Work to complete: Wherever a picture appears in the data below, omit it, and restate everything else word for word.

The input:
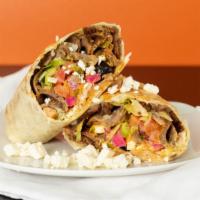 Chicken Gyro Wrap · Thinly sliced slow roasted chicken gyro meat, red onions, pickles, lettuce, feta cheese, cub...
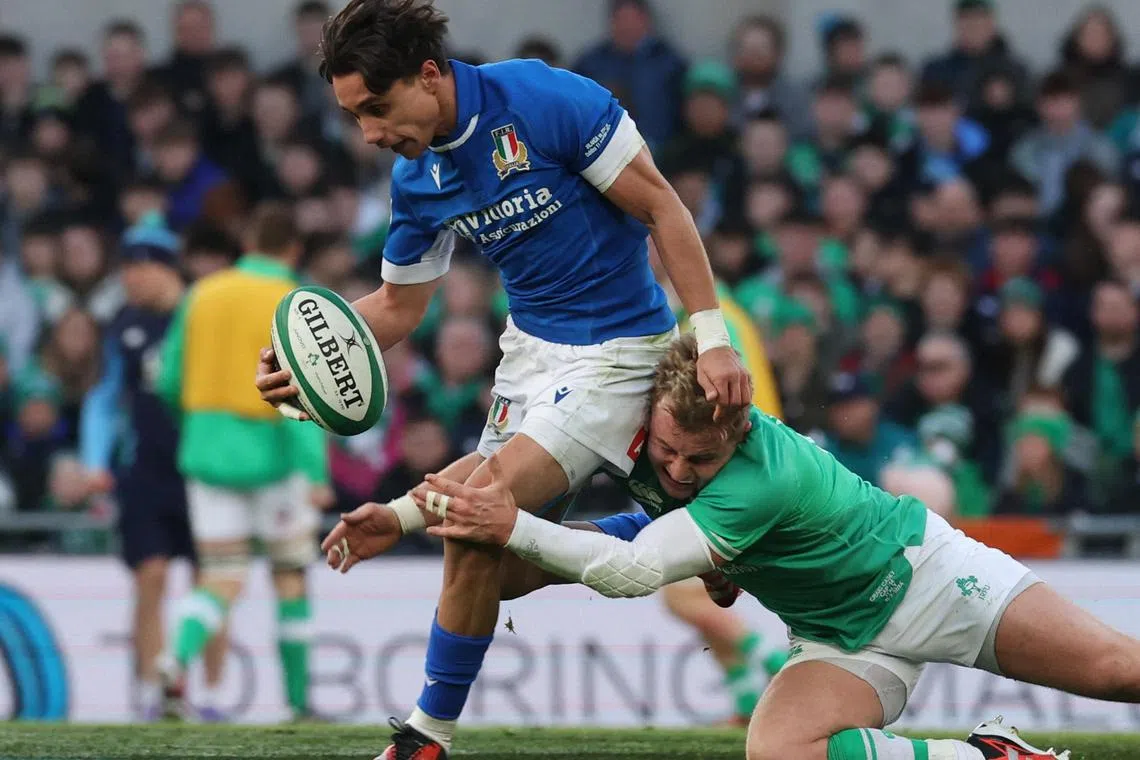 Italy's Ange Capuozzo battling with Ireland's Craig Casey in their Six Nations clash.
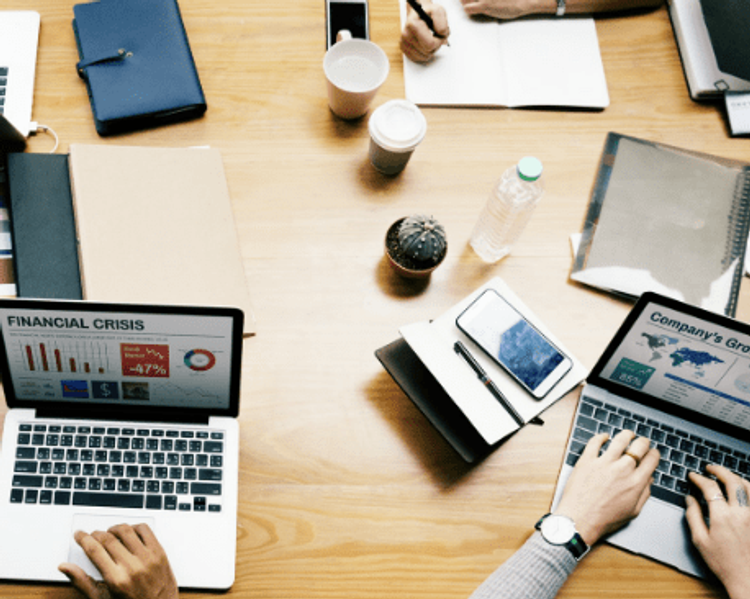 a laptop with financial crisis on the screen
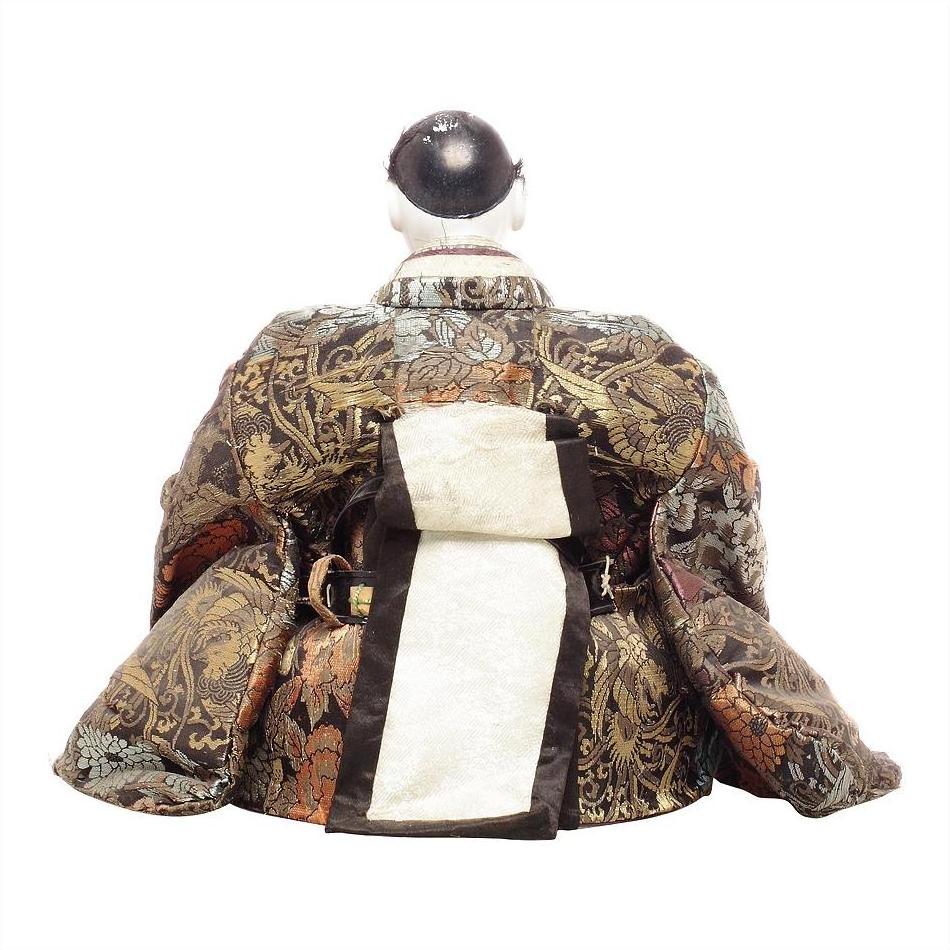 Close-up of Japanese doll in colorful patterned silk robe with large obi, rear view on white background.
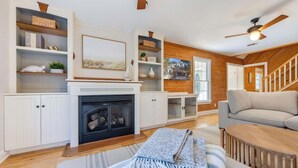 A cozy living room with a fireplace, wooden shelves, a sofa, and a staircase.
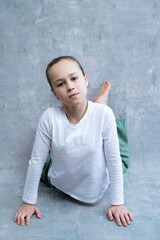 Selective focus vertical portrait of cute serious-looking blond little girl stretching on concrete background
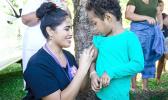 Fonoifafo Seumanu administering am MMR shot to a child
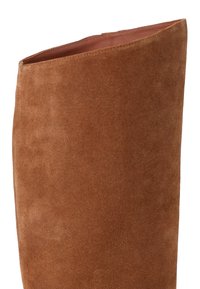 Botte en daim marron haute jusqu'au genou avec un bord supérieur légèrement incliné et une doublure intérieure lisse, présentant une texture douce et un design épuré.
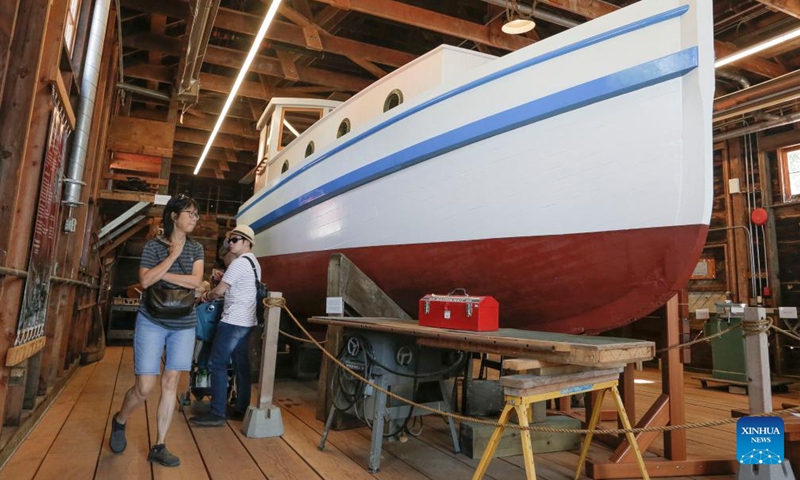 People visit a boat building facility during the 19th annual Richmond Maritime Festival in Richmond, British Columbia, Canada, on Aug. 20, 2022.Photo:Xinhua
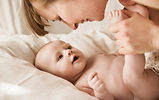 Mother Smiling With Newborn Baby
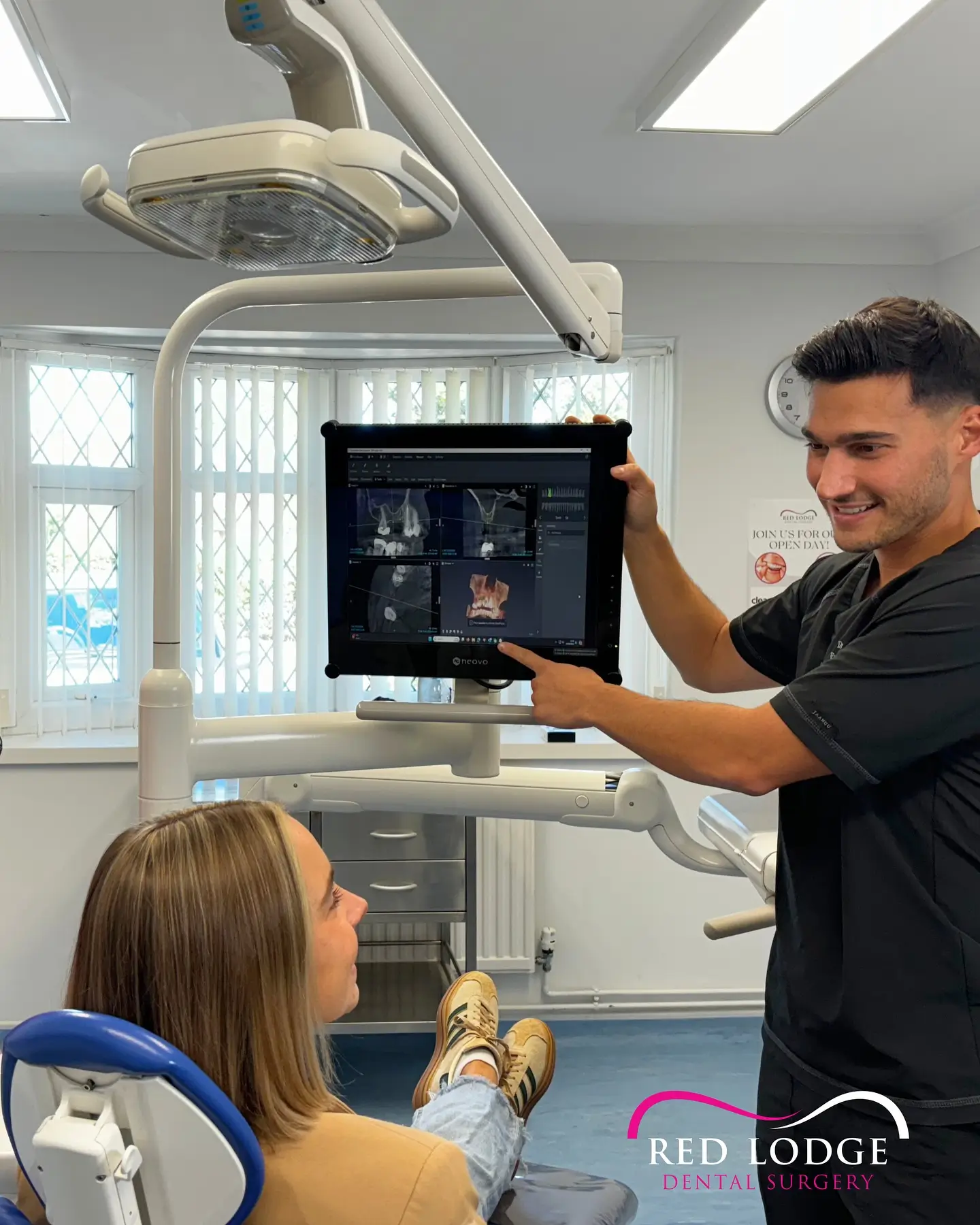 Dentist showing a dental X-ray on a monitor to a seated female patient in a dental clinic.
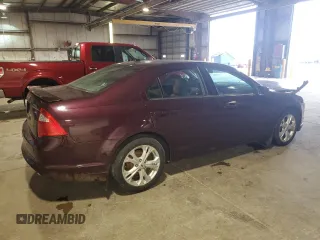 2012 Ford Fusion SE with VIN 3FAHP0HA0CR377773, listed as a Copart auction lot 57278885 with 133,700 mi miles and Salvage title. Bid and sale history available at DreamBid. Image 3.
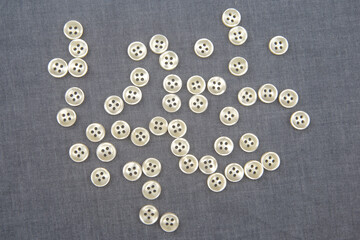 Plastic shiny buttons for clothes on a fabric background. Fashion and clothing. Factory industry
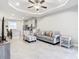 Open concept living room with kitchen view and tile flooring at 8512 Magnificent Ln, Groveland, FL 34736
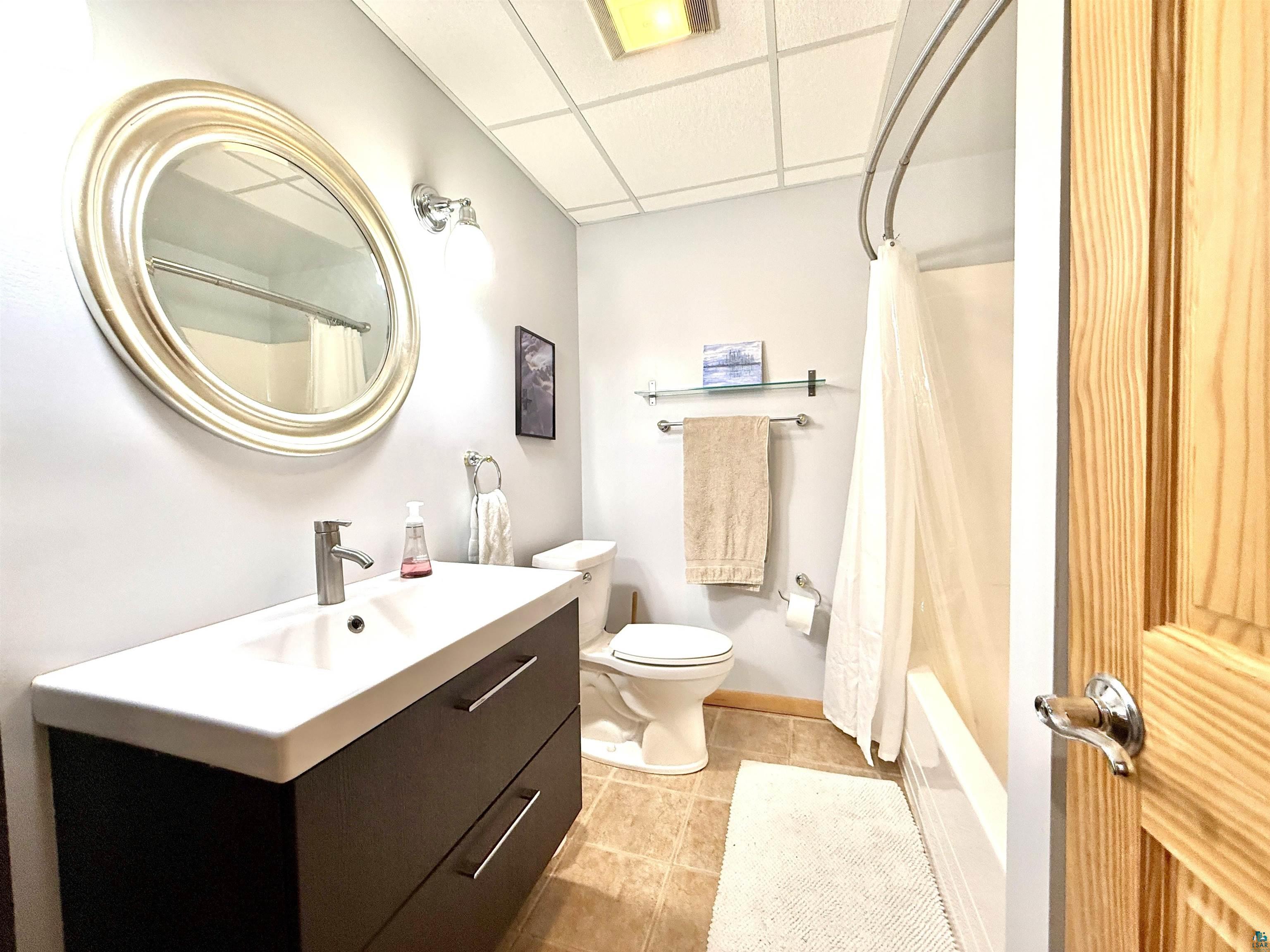 1787 North Bay Road Ely, MN 55731 - Photo 33 of 40 Bathroom featuring a dark wood-finish vanity with a white integrated sink, chrome faucet, and a large round mirror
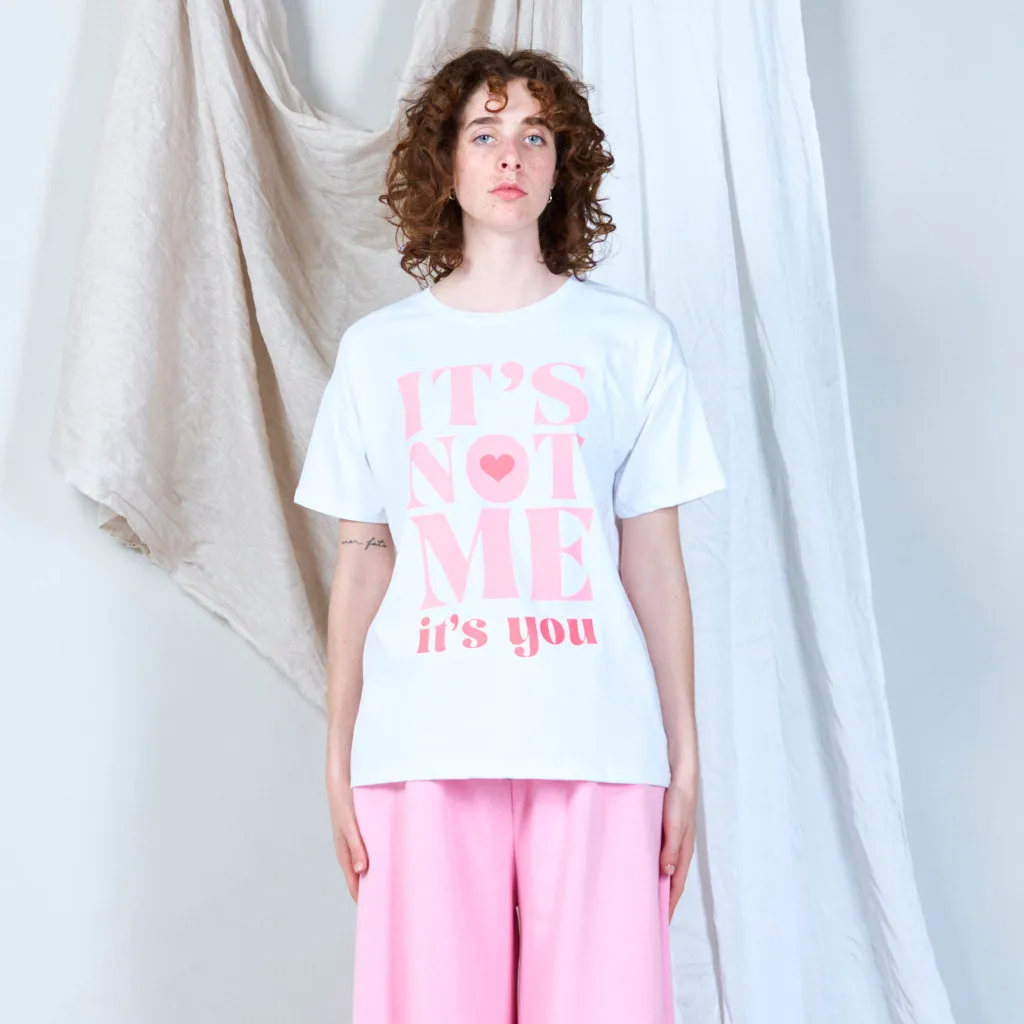 Bold statement graphic "IT'S NOT ME" t-shirt wholesale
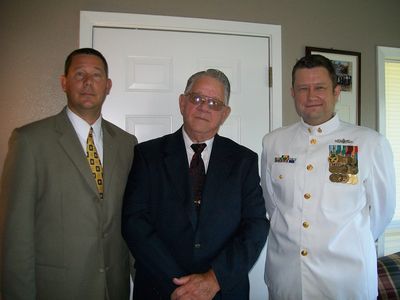 Family photo with Navy personnel in dress whites
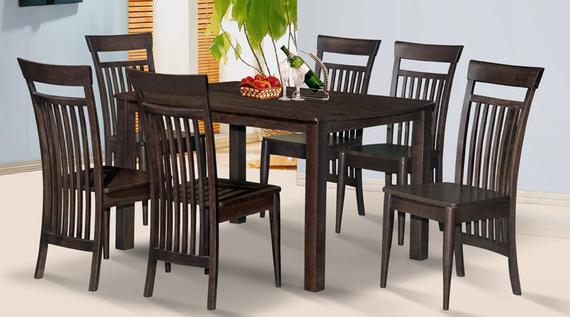 Dark wood dining table and six matching chairs, set indoors.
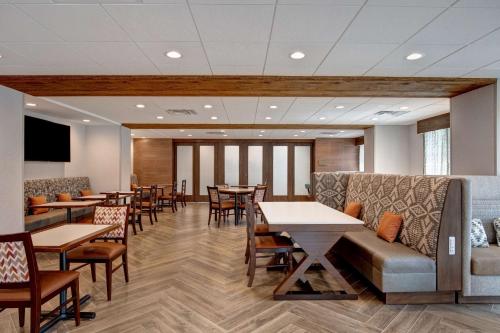 a waiting room with tables and chairs and a couch at Hampton Inn Santa Fe South, NM in Santa Fe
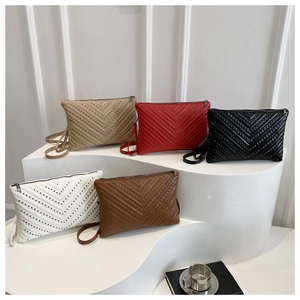 Macro detail of V-quilted faux leather crossbody bags with rivets in multiple colors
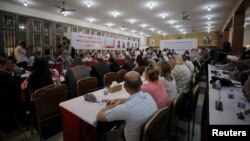 FILE - The Syrian Democratic Council meets in Tabqa, Syria, July 16, 2018.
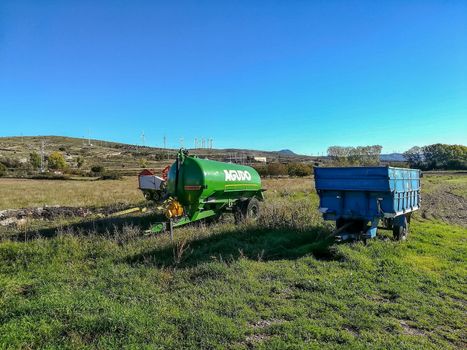 El Toro, Spain 10/24/2018: Tractor trailers in the field with mountains in the background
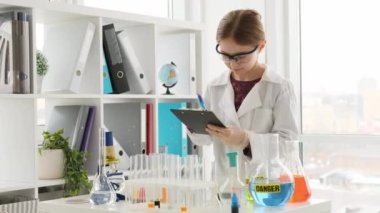 Korunma gözlüğü takan liseli kız kimya dersinde labaratuarda notlar alıyor. Laboratuvarda ekipmanla çalışan bir kız öğrenci.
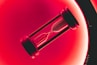 clear hour glass with red background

Response below:
 Chicken Gyro Wrap · Thinly sliced slow roasted chicken gyro meat, red onions, pickles, lettuce, feta cheese, cub...
 Italy's Ange Capuozzo battling with Ireland's Craig Casey in their Six Nations clash.
 a laptop with financial crisis on the screen
 Close-up of Japanese doll in colorful patterned silk robe with large obi, rear view on white background.
 A cozy living room with a fireplace, wooden shelves, a sofa, and a staircase.
 Selective focus vertical portrait of cute serious-looking blond little girl stretching on concrete background
 Fonoifafo Seumanu administering am MMR shot to a child
 Botte en daim marron haute jusqu'au genou avec un bord supérieur légèrement incliné et une doublure intérieure lisse, présentant une texture douce et un design épuré.
 People visit a boat building facility during the 19th annual Richmond Maritime Festival in Richmond, British Columbia, Canada, on Aug. 20, 2022.Photo:Xinhua
 Mother Smiling With Newborn Baby
 Dentist showing a dental X-ray on a monitor to a seated female patient in a dental clinic.
 2012 Ford Fusion SE with VIN 3FAHP0HA0CR377773, listed as a Copart auction lot 57278885 with 133,700 mi miles and Salvage title. Bid and sale history available at DreamBid. Image 3.
 Plastic shiny buttons for clothes on a fabric background. Fashion and clothing. Factory industry
 Open concept living room with kitchen view and tile flooring at 8512 Magnificent Ln, Groveland, FL 34736
 1787 North Bay Road Ely, MN 55731 - Photo 33 of 40 Bathroom featuring a dark wood-finish vanity with a white integrated sink, chrome faucet, and a large round mirror
 Bold statement graphic "IT'S NOT ME" t-shirt wholesale
 Family photo with Navy personnel in dress whites
 Dark wood dining table and six matching chairs, set indoors.
 a waiting room with tables and chairs and a couch at Hampton Inn Santa Fe South, NM in Santa Fe
 Macro detail of V-quilted faux leather crossbody bags with rivets in multiple colors
 FILE - The Syrian Democratic Council meets in Tabqa, Syria, July 16, 2018.
 El Toro, Spain 10/24/2018: Tractor trailers in the field with mountains in the background
 Korunma gözlüğü takan liseli kız kimya dersinde labaratuarda notlar alıyor. Laboratuvarda ekipmanla çalışan bir kız öğrenci.
 clear hour glass with red background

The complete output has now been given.